YOUR ASSIGNMENT:
For the data below, restate word for word only the lines from the line containing "an empty hallway" through the line containing "A small demonstration", both ends included.

EXTRACTED ENTRIES:
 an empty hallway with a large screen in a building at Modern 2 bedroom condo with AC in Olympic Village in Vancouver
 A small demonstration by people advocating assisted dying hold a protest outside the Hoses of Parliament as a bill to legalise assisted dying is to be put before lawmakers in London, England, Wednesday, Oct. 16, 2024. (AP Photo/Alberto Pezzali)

...

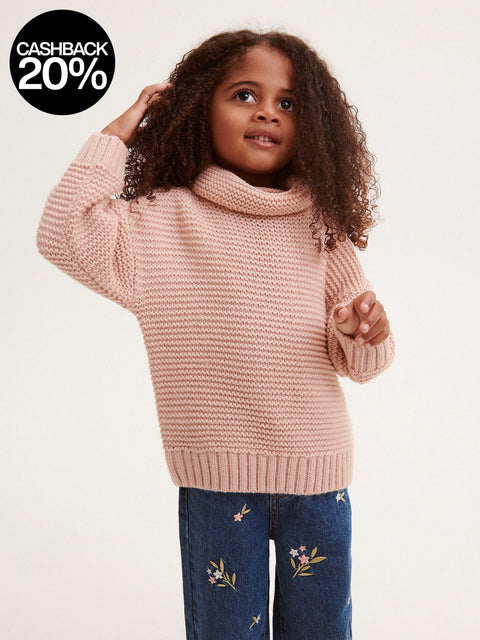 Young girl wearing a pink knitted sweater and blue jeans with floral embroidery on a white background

RESPONSE FOR THIS EXERCISE:
 an empty hallway with a large screen in a building at Modern 2 bedroom condo with AC in Olympic Village in Vancouver
 A small demonstration by people advocating assisted dying hold a protest outside the Hoses of Parliament as a bill to legalise assisted dying is to be put before lawmakers in London, England, Wednesday, Oct. 16, 2024. (AP Photo/Alberto Pezzali)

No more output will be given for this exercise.